Adjunct Professor
BA (Claremont), MSL (Pontifical Institute of Mediaeval Studies), Ph.D. (Toronto), FRSC
Research Interests: Classical Studies; History of schools, books, and scholarship (late antiquity / early Middle Ages); reception of Graeco-Roman mythology in the Middle Ages; Christianity in Britain and Ireland (400-1000 C.E.)

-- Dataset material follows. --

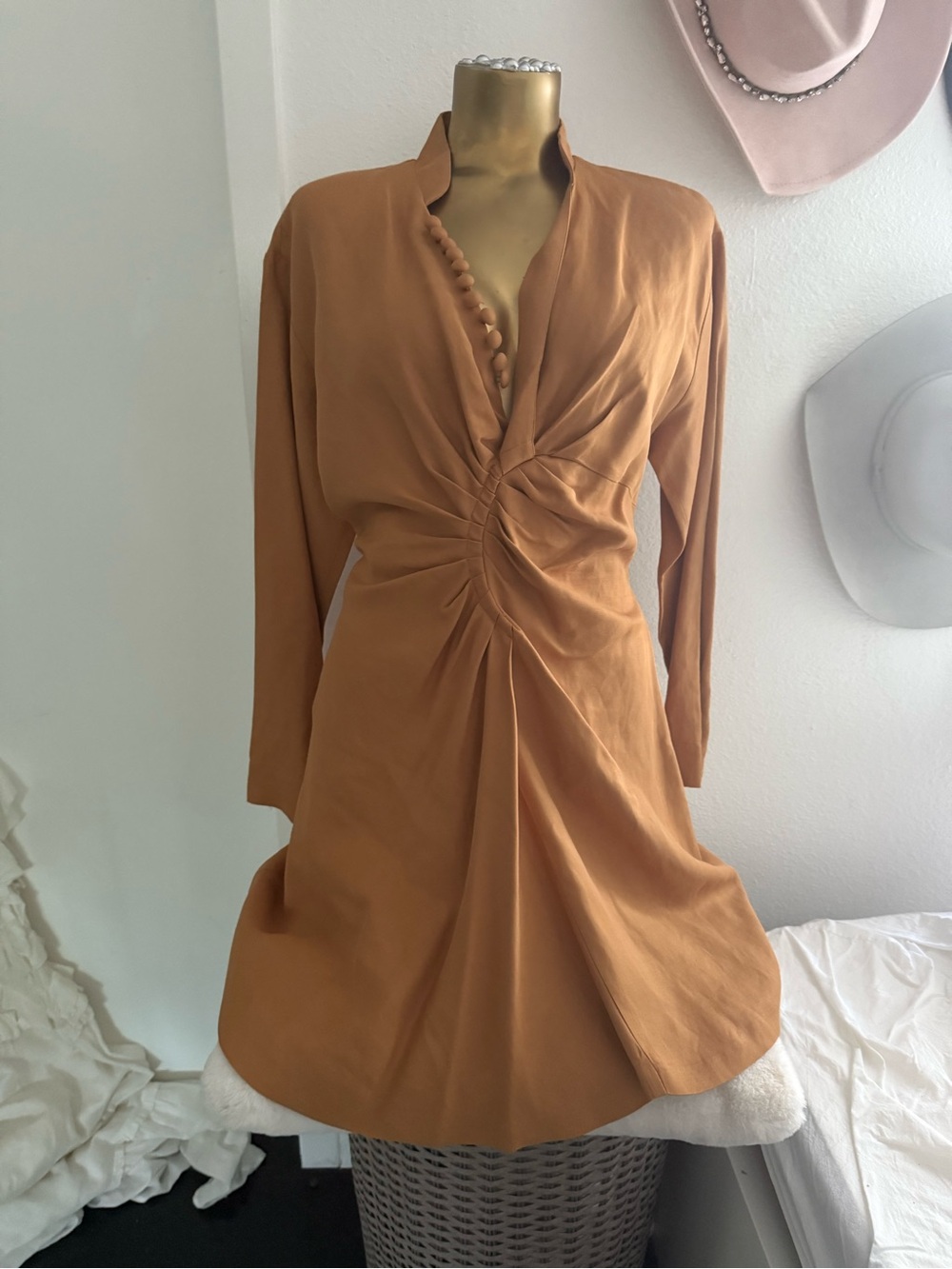 Sandro Caramel Twist-Front Long Sleeve Dress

Michael Herren is a literary archaeologist. He looks for treasures in the dimly lit corners of the early Middle Ages and usually comes up with something interesting, such as a work describing life in an Irish school in the seventh century, or a pagan charm posing as a Christian prayer, or a fantasy travel story replete with sci-fi inventions. Several of his digs unearthed materials that reveal what the early European Middle Ages knew about the ancient world, including their religion and mythology, and how they interpreted them. Another excavation turned up evidence about where Greek was studied and how much of this language scholars of the time were able to learn. He examined Medieval Latin poems that describe works of art or architecture for their value in identifying genuine works. Michael has also opened up questions about the kind of Christianity people practiced, and whether it was in line with Roman orthodoxy, and whether saints then were really saintly, as we might think of saintliness. For publications illustrating these diverse investigations see The Hisperica Famina, 2 vols. (Toronto, 1974, 1987), The Cosmography of Aethicus Ister (Turnhout, 2011), The Sacred Nectar of the Greeks (with Shirley Ann Brown, London, 1988), “Eriugena's ‘Aulae Sidereae,’ the ‘Codex Aureus,’ and the Palatine Church of St. Mary at Compiègne” (Studi Medievali n.s. 28.2, 593-608), “The Earliest European Study of Graeco-Roman Mythology” (Acta Classica XXXIV-XXXV, 35-50), The Anatomy of Myth (New York, 2017), and Christ in Celtic Christianity (with Shirley Ann Brown, Woodbridge, Suffolk, UK, 2002).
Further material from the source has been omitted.